Nous pensons que c’est là un jugement à courte vue. Dans cette crise, divers mécanismes ont été mis en place pour protéger l’emploi, ou, à défaut, protéger le revenu des chômeurs. En temps normal, les indemnités de chômage couvrent environ 40% du revenu perdu. Cette fois-ci, le taux de remplacement se situe en moyenne à 100% du salaire initial, et dans certains cas, il peut monter jusqu’à 120%1.

US : sentiment du consommateur sur l’inflation à 3 ans

Ces soutiens au revenu sont transitoires. Le bonus de 600$ par semaine n’est censé durer par exemple que jusqu’en juillet. On serait étonné que d’ici là les États-Unis aient miraculeusement restauré 20 millions d’emplois. L’ardeur de certains à rouvrir l’économie au plus tôt est peut-être motivée par le désir de stopper ces mécanismes coûteux. En somme, la crise actuelle n’a pas (encore) totalement déprimé les ménages mais elle a sans conteste accru l’incertitude. En avril, l’enquête de la Fed de New York après des ménages montre qu’ils sont beaucoup plus indécis sur l’évolution future de l’inflation (graphe). Ils n’ont pas tranché le débat inflation/déflation.

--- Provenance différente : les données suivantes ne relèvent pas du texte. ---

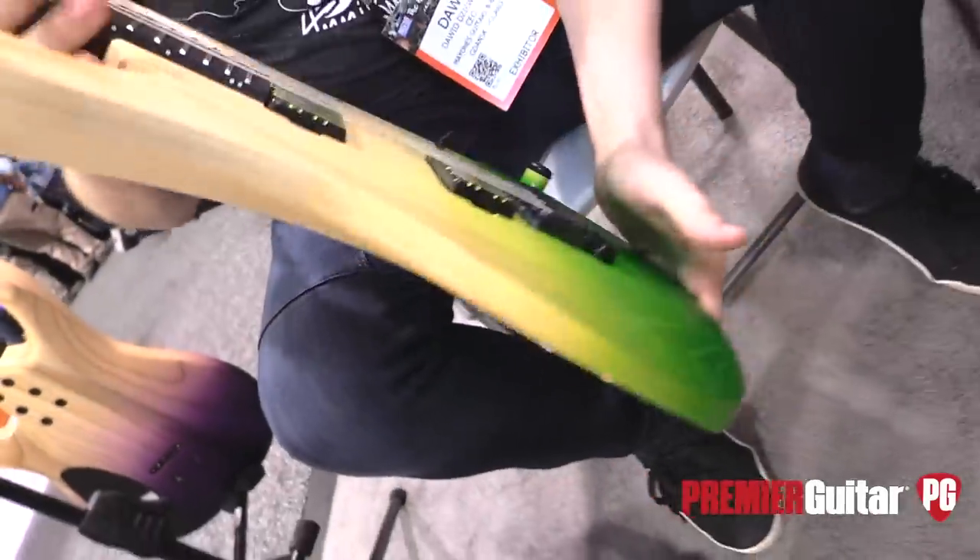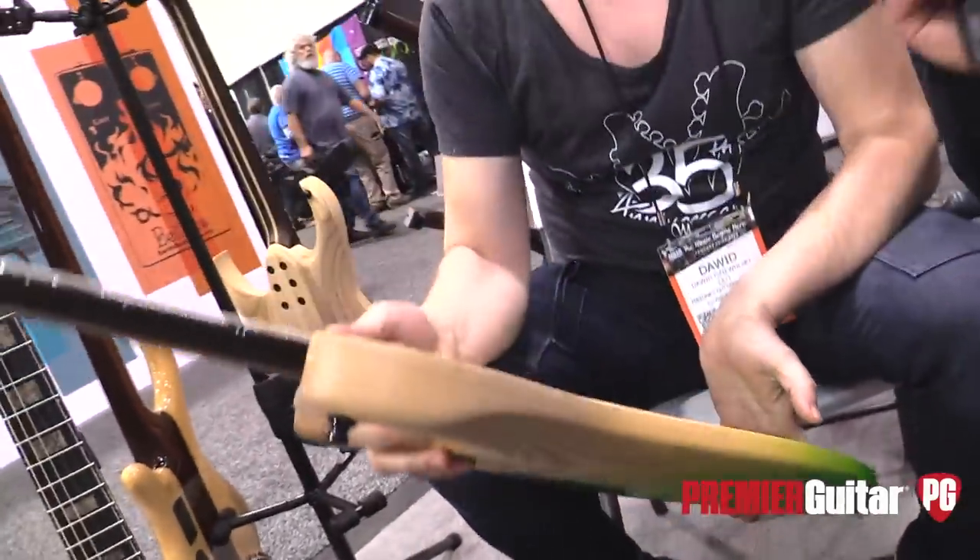Prices on the guitars we've shown are between $3,500 and $4,500. This signature model costs around $3,200, depending on the version — six-string, seven-string, or baritone.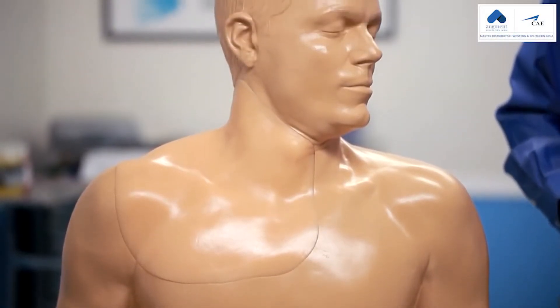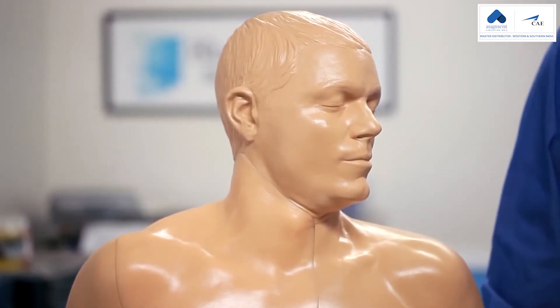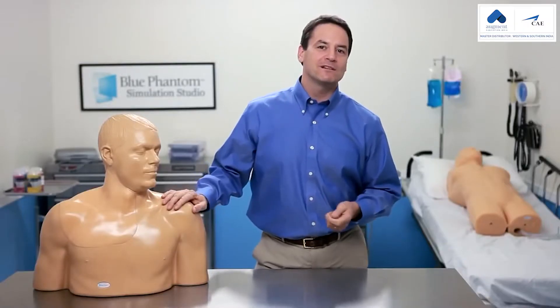I'd like to introduce you to our new upper torso, central venous access, and regional anesthesia ultrasound training model. This product offers the same realism, quality, and durability that you've come to expect from Blue Phantom.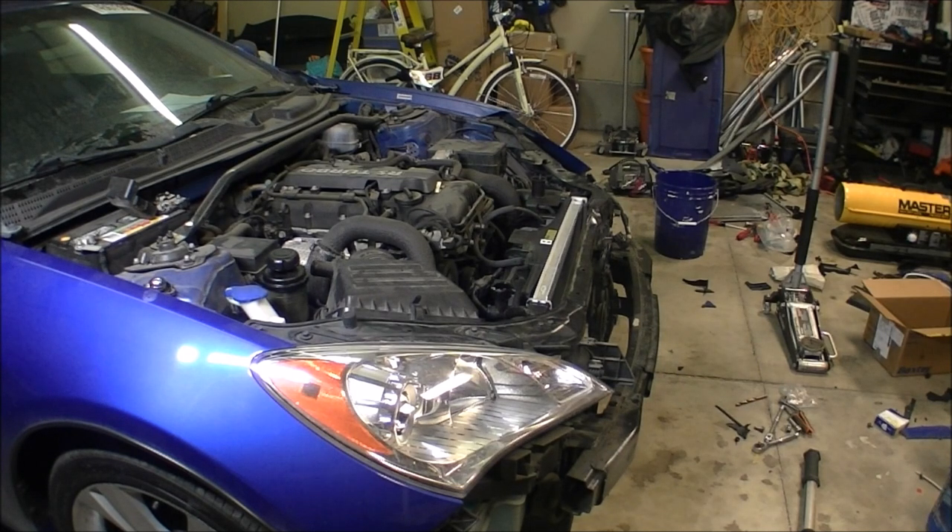Next thing we're going to do while the coolant settles down — we're going to change the oil, just so we know there's a fresh oil change in it and she's ready to roll. I'm going to lift her up and crawl under there and get the oil change done. I looked it up in the owner's manual: six quarts 5w20. I bought some synthetic 5w20 and we'll get her drained out and new stuff put in.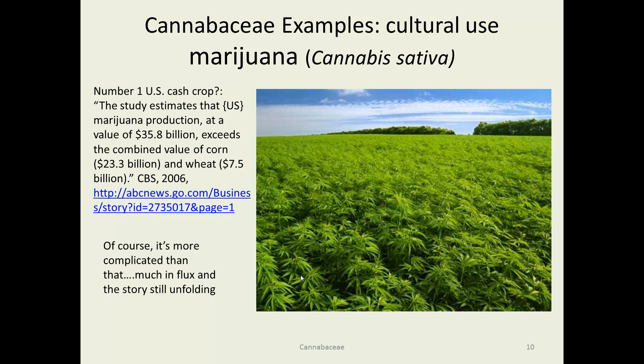The same species, Cannabis sativa, is used as marijuana. We've seen before how the same species can have dramatically different varieties — like with the Brassicaceae, where one original brassica now produces everything from kohlrabi to cabbage. Same case here. It's been estimated that marijuana is actually the number one cash crop, with $36 billion passing hands, which exceeds the combined value of corn and wheat. Of course making those estimates is difficult, whereas corn and wheat have firmer numbers. Much is in flux with some legalization occurring in some states.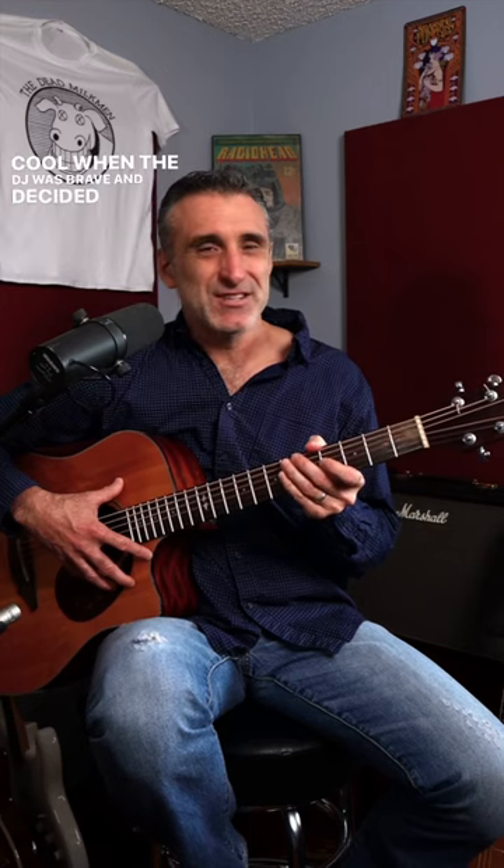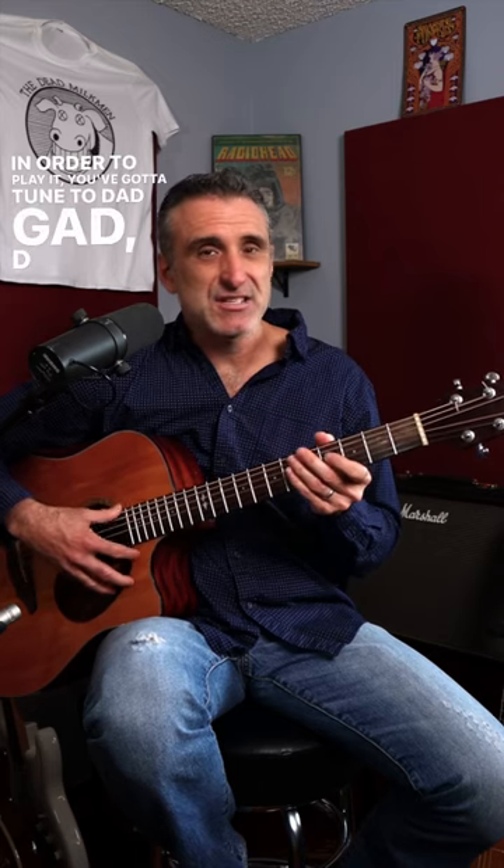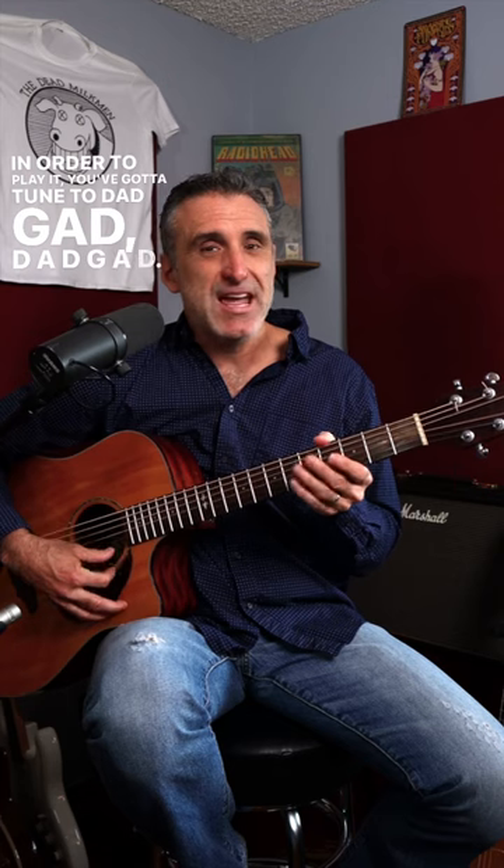When it used to come on the radio in the late 80s, it was so cool when the DJ was brave and decided to play that extended intro, which they didn't always do. In order to play it, you've got to tune to DADGAD — D-A-D-G-A-D.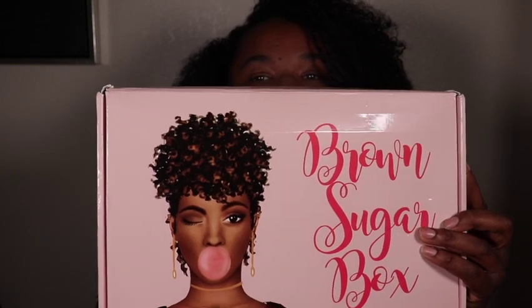Here is the package — we're gonna open it. It has a fragile sticker on it, so hopefully nothing in here broke because they be abusing packages. This is the front of the box for this month. I love this picture. The first thing is their little pamphlets.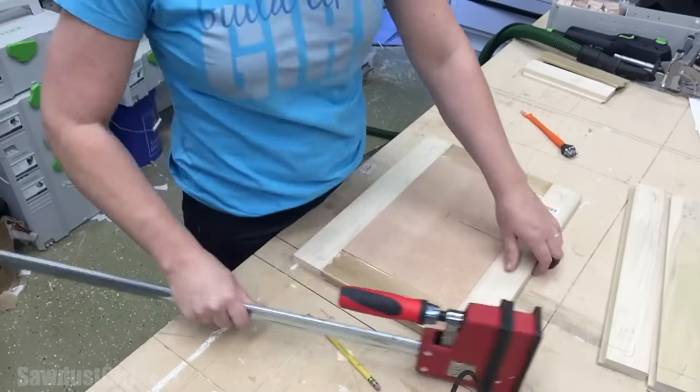Once everything was dry, I started running everything through my drum sander. I wanted to use the drum sander because it evens and smooths everything out while keeping it perfectly flat. If I use my orbital sander, sometimes I tend to focus on a joint too much and create little dips. The coarser sandpapers do leave sanding marks on the opposing grain, but just as with any sanding process, as you increase your grit, you remove the marks from the previous grit — so it works the same as with an orbital or hand sander.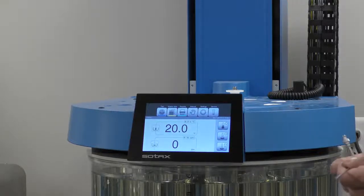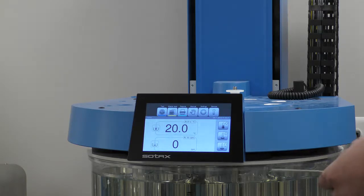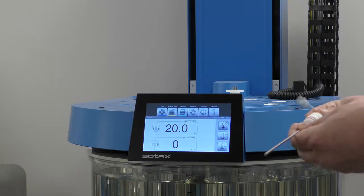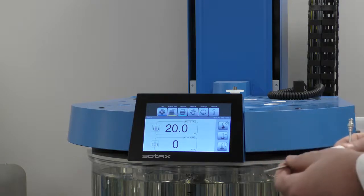Today I'm going to show you how to insert and adjust the CAN 013-ST-5-9 manual sampling cannula on the Sotax AT Extend system. First thing we do is remove it from the package, and you always want to clean it very well to remove any residual debris.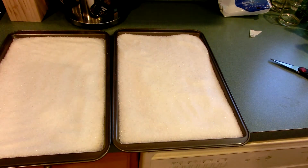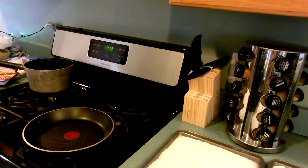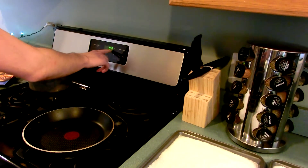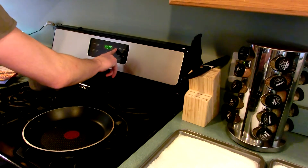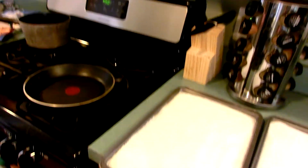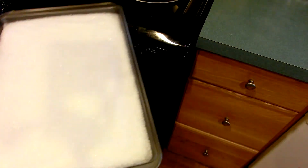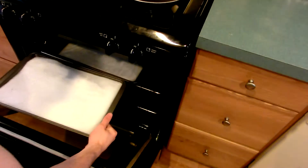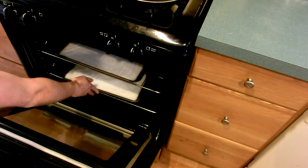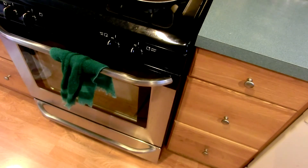So all we need to do is turn the oven on and put it in there. For folks living in the United States, a good temperature would be 450 degrees Fahrenheit. We'll simply pop these in, close the oven, and come check on this in about an hour.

On voit aussi des opinions opposées sur les prix d’actifs: à douze mois les ménages anticipent une hausse du marché boursier mais de franche baisse des prix immobiliers. L’effet net sur la richesse est là encore incertain. La seule règle, c’est que l’incertitude encourage l’épargne de précaution. Une reprise rapide des dépenses des ménages réclame une disparition de l’incertitude (c’est hasardeux sur le front sanitaire) ou une accélération des revenus. Les deux paraissent difficiles à envisager à court terme.

Economie

En avril, le taux de chômage a bondi de 4.4% à 14.8% de la population active, soit une hausse du nombre de chômeurs approchant 16 millions. Dans sa note méthodologique, le Bureau of Labor Statistics ne cache pas que ce chiffre est très imprécis et susceptible d’être révisé par la suite. Tout d’abord, le taux de réponse à l’enquête auprès des ménages n’a été que de 70% alors qu’il est d’habitude de 85% environ. Ensuite, du fait des circonstances exceptionnelles, le BLS a dû modifier la manière de redresser les chiffres d’emploi résultant de la démographie des entreprises (Birth-Death Model). Enfin, des nombreux travailleurs ont été considérés comme employés (et non chômeurs ou hors de la population active) bien qu’ils aient été absents de leur postes au moment de l’enquête. Si on les ajoutait au nombre de chômeurs, le taux de chômage serait 5 points plus haut, soit presque à 20%. En somme, à quelques millions près, on ne sait pas trop si les personnes ont été rangées dans les bonnes cases. Le choc sur l’économie réelle est, quoi qu’il en soit, d’une amplitude inégalée. Le taux de participation perd en outre plus de trois points (graphe). Pour la huitième semaine de suite les inscriptions au chômage se chiffrent en millions (2.9).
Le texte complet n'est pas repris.